NIMHANS Study: Yoga Halves Opioid Withdrawal Time to 5 Days
A NIMHANS-Harvard trial of 59 men found supervised yoga alongside buprenorphine cut opioid withdrawal time from 9 days to 5, with a 4.4x faster recovery rate.

A joint randomized clinical trial from NIMHANS in Bengaluru and Harvard Medical School has produced what may be the most statistically compelling argument yet for yoga's place inside addiction medicine: men with opioid use disorder who practiced yoga alongside standard buprenorphine treatment stabilized from withdrawal in a median of five days, compared to nine days for those on medication alone, a hazard ratio of 4.40.
The trial, led by Suddala Goutham of NIMHANS's Department of Integrative Medicine and published in JAMA Psychiatry on January 7, enrolled 59 male inpatients between 18 and 50 years old at the Centre for Addiction Medicine's inpatient ward. Participants were tracked from April 2023 through March 2024, with 29 assigned to yoga as an add-on to buprenorphine and the remaining 30 receiving medication with standard psychosocial support and counselling. The primary opioid misused was tapentadol.

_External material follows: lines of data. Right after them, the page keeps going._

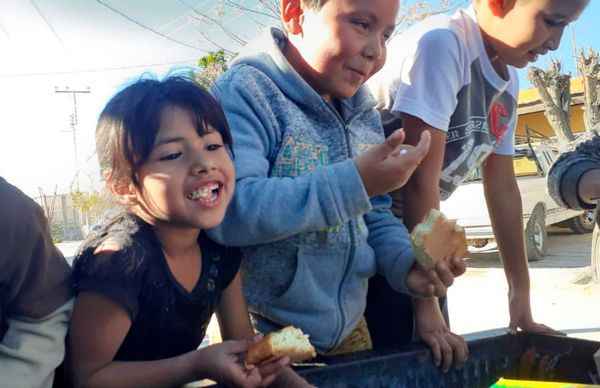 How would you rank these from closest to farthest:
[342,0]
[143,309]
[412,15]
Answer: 1. [143,309]
2. [342,0]
3. [412,15]

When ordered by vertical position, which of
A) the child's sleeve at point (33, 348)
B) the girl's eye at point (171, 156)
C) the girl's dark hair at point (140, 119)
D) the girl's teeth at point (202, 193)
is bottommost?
the child's sleeve at point (33, 348)

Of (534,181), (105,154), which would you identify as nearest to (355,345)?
(105,154)

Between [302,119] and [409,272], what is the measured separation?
0.44 meters

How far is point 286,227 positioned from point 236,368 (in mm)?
288

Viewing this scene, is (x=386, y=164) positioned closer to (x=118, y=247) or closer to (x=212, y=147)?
(x=212, y=147)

The yoga protocol was not open-ended practice. It was a validated, structured 45-minute module delivered across 10 supervised sessions over 14 days, led by trained instructors. Each session moved through five standardized components: guided relaxation, mindful asanas, sectional breathing, pranayama techniques including left-nostril breathing and bhramari, and abbreviated yoga nidra with positive affirmations. The sequence was built specifically to counter sympathetic nervous system hyperactivity, the neurological driver of withdrawal symptoms including insomnia, anxiety, vomiting, sweating, and pain.
The autonomic data bore this out. The yoga group showed large-effect improvements in heart rate variability (HRV), a direct measure of nervous system balance, across low-frequency power, high-frequency power, and the LF/HF ratio, all statistically significant at p less than 0.001. Mediation analysis confirmed that parasympathetic reactivation was the mechanism linking yoga to faster stabilization. Secondary measures showed improvements in anxiety, sleep quality, and pain scores as well.
"In this trial, yoga significantly enhanced opioid withdrawal recovery through measurable autonomic and clinical improvements, supporting its integration into withdrawal protocols as a neurobiologically informed intervention," said Goutham. Dr. Hemant Bhargav, who led the research at NIMHANS, added that yoga "helps calm the body's stress response, which goes into overdrive during withdrawal."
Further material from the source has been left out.